We have long viewed intercarrier alliances, as well as other forms of cooperative marketing arrangements between and among airlines, as an important element of our international aviation policy, and that certainly remains true today. I should add that it also remains our policy that an Open Skies agreement with the homeland of each alliance partner is a necessary (but not by itself sufficient) prerequisite to the grant of antitrust immunity to an alliance.

While we recognize the benefits that cooperative marketing arrangements can bring to the public, safety remains our top priority. A clear demonstration of our commitment to safety can be seen in recent events surrounding code-sharing by airlines of the Republic of Korea. During August, the FAA placed Korea in what is known as "Category 2" under its International Aviation Safety Assessment (IASA) Program, which the FAA created to verify whether foreign governments are in fact meeting their international safety responsibilities as to their airlines that serve or that seek to serve the United States. The FAA, after it completes a safety assessment, places foreign governments in either one of two categories: Category 1: complies with international standards, or Category 2: does not comply with international standards.

In Category 2 situations such as now exists with Korea, foreign airlines of the country involved may continue their existing operations, based on the FAA’s providing heightened oversight of those operations in the United States. However, while existing operations can continue, the foreign airlines will not be permitted to expand their operations to the United States.

With regard to U.S. airlines code-sharing with foreign airlines, our IASA program results feed into another significant Department program, the Code-Share Safety Program Guidelines, issued in February 2000. In code-share situations in which passengers holding a U.S. airline ticket are actually flying on a foreign airline, we believe that requiring notice to passengers of code-share operations is not enough; additional safety-related measures are needed. Thus, our guidelines look to U.S. airlines to audit their foreign code-share partners pursuant to FAA-accepted audit programs.

In addition, we do not approve U.S. carrier code shares with foreign carriers that are not in Category 1.

As to the specific relations between U.S. and Korean airlines, Delta Air Lines, based on its own evaluation of Korean Air Lines, elected to stop placing its code on KAL operations. Delta took this step well before the FAA’s recently announced downgrade of Korea to Category 2.

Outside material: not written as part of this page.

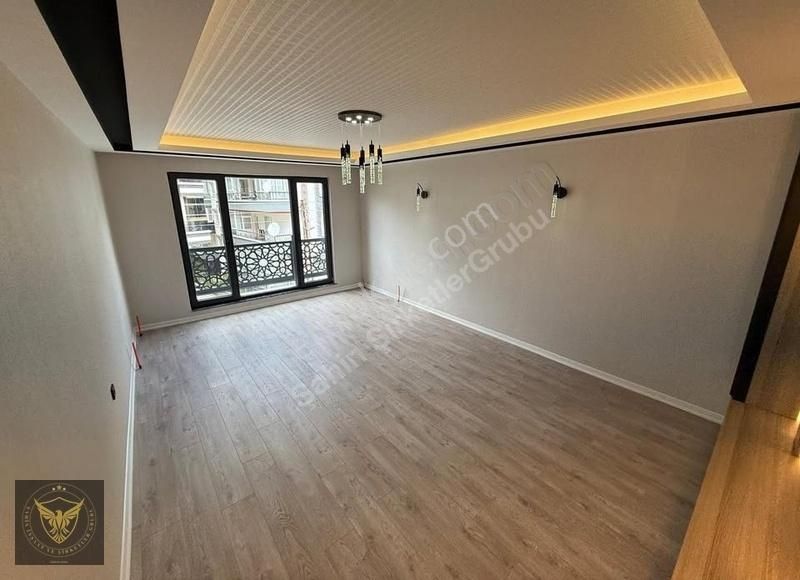 Beylikdüzü'nde Emsalsiz Özel Tasarımlı 2+1 Ultra Geniş Dairemiz - Görsel 8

American Airlines, the only U.S. airline placing its code on a Korean airline passenger service at the time of the FAA’s downgrading of Korea to Category 2, voluntarily elected to remove its codes from the flights of its Korean code-share partner, Asiana Airlines, immediately upon the FAA’s downgrade announcement. We view American’s decision in this matter as being consistent with and supported by the Code-Share Safety Program Guidelines.

What can our pilots do to help you carry out your tasks?

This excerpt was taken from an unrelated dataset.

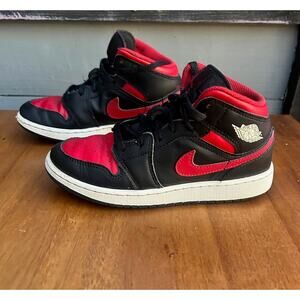 Nike Air Jordan 1 Mid GS Bred Black Red Youth 4Y DQ8423-067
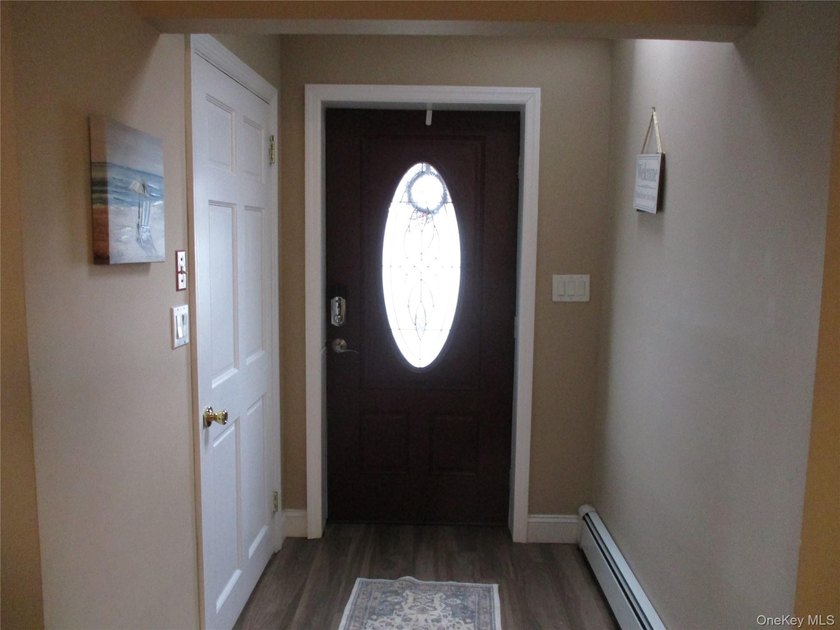 A stunning, fully renovated, move-in-ready raised Colonial on a - photo 3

As I said earlier, reducing the fatal airline accident rate by 80 percent means that everybody has to be part of the solution, and that’s where I need your help the most. Through the FAA’s Safer Skies program and many other cooperative efforts, we have worked with the pilots and other members of the aviation community to improve safety. Reducing runway incursions continues to be one of our biggest challenges and is going to require even more sustained attention from everyone involved. We are working with our air traffic controllers to improve awareness and training, and our goal is to absolutely eliminate operational errors. We are also installing new technology to help us prevent runway accidents.

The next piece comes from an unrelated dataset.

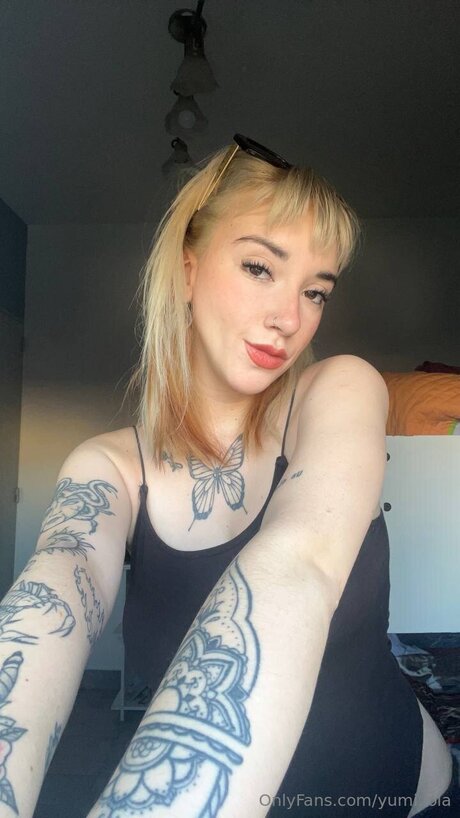 Yumi Lola onlyfans nude pictures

But we know we can’t do it without your help. Pilots are the professionals who are the closest to this issue. You know the stakes are high, and you understand the individual airports. You can help us find the root causes, so we can better direct solutions at the local level.

And you can focus on your own best practices, as we’re doing with our controllers, to raise the safety bar as high as it can get. All of us need to constantly ask ourselves how we can do it better. Aviation safety has no end game and never will have. I know that your commitment and professionalism will help us turn around the numbers on runway safety.